Rab­bi Friedman’s approach begins with a look at tra­di­tion­al Jew­ish texts that sug­gest the val­ues that should inform our work and rela­tion­ships with old­er peo­ple. For exam­ple, the com­mand­ment to hon­or one’s par­ents is word­ed slight­ly dif­fer­ent­ly at each of the two accounts of the giv­ing of the Torah on Mount Sinai. In one, the word kavod, mean­ing hon­or, is used, while in the oth­er, it is the word mora, rev­er­ence, that appears. Rab­binic inter­pre­ta­tion sug­gests that kavod refers to pro­vid­ing for an [aged] parent’s mate­r­i­al needs, while mora refers to an atti­tude, pre­serv­ing the dig­ni­ty of the par­ent. In addi­tion, tra­di­tion­al sources rec­og­nize that peo­ple, who them­selves are car­ing for elder­ly fam­i­ly mem­bers, have legit­i­mate needs of their own, and that the par­ent is in fact for­bid­den from mak­ing things hard­er for a child. This is a more nuanced view of the rela­tion­ship between adult child and aging par­ent than one might expect, and indeed, it could be quite use­ful in help­ing fam­i­lies sort out their com­pli­cat­ed feel­ings and con­cerns as they face these issues. 
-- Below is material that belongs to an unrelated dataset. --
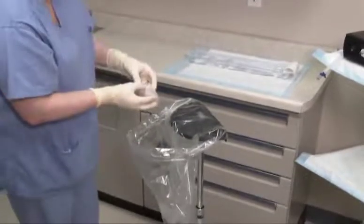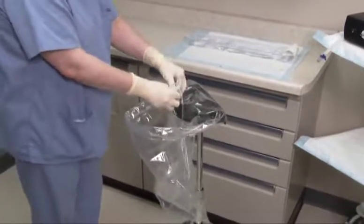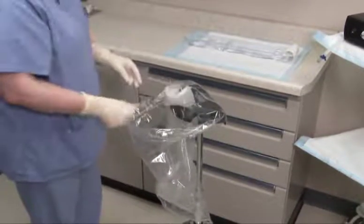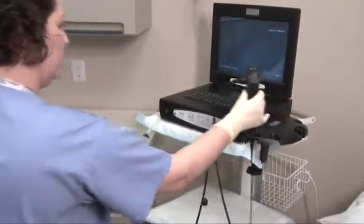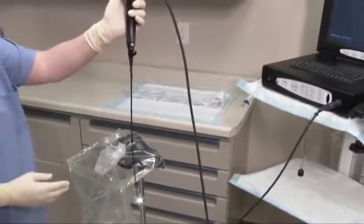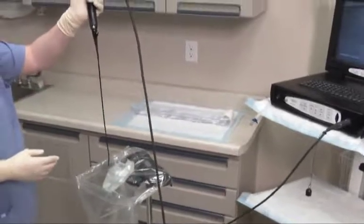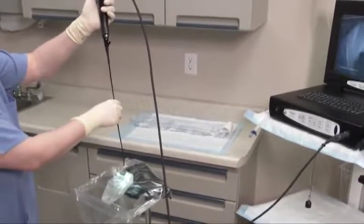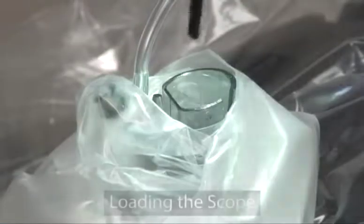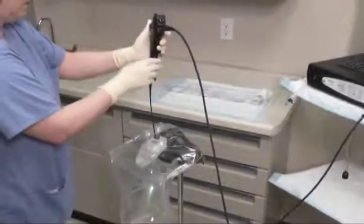The sheath must be placed into the stand with the accessory port facing toward you. Note that the sheath fits into the stand in only one direction. Fold back the control body cover to expose the top opening of the Endosheath connector. Before inserting the cystoscope into the sheath, it is important that the articulating distal end of the scope is straight or in the neutral position. While standing directly in front of the installation stand, hold the cystoscope vertically over the sheath connector and align the scope's D-shaped insertion tube with the D-shaped opening of the sheath connector. The flat side of the scope must be matched up with the accessory port and tubing.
Rab­bi Fried­man also con­sid­ers the near absence of life-cycle rit­u­als, Jew­ish or sec­u­lar, that mark events and tran­si­tions in the lives of old­er peo­ple, apart from retire­ment and, of course, death. She sug­gests that pas­toral care­givers, fam­i­lies, com­mu­ni­ties, and elders them­selves cre­ate, adapt, or use exist­ing rit­u­als to mark oth­er kinds of pas­sages, such as mov­ing to a small­er home, giv­ing up dri­ving, or even adapt­ing to phys­i­cal lim­i­ta­tions and disabilities. 

Rab­bi Fried­man is a strong pro­po­nent of life­long Jew­ish learn­ing, which can be a source of great sat­is­fac­tion and mean­ing for old­er peo­ple. She encour­ages well-planned inter-gen­er­a­tional pro­gram­ming through syn­a­gogues and oth­er com­mu­ni­ty groups. Above all, it is clear from her book that Rab­bi Fried­man has spent many, many hours lis­ten­ing to the joys and sor­rows of old­er peo­ple in a vari­ety of set­tings, and has strug­gled, as we all should, to tru­ly under­stand them. Glos­sary, notes.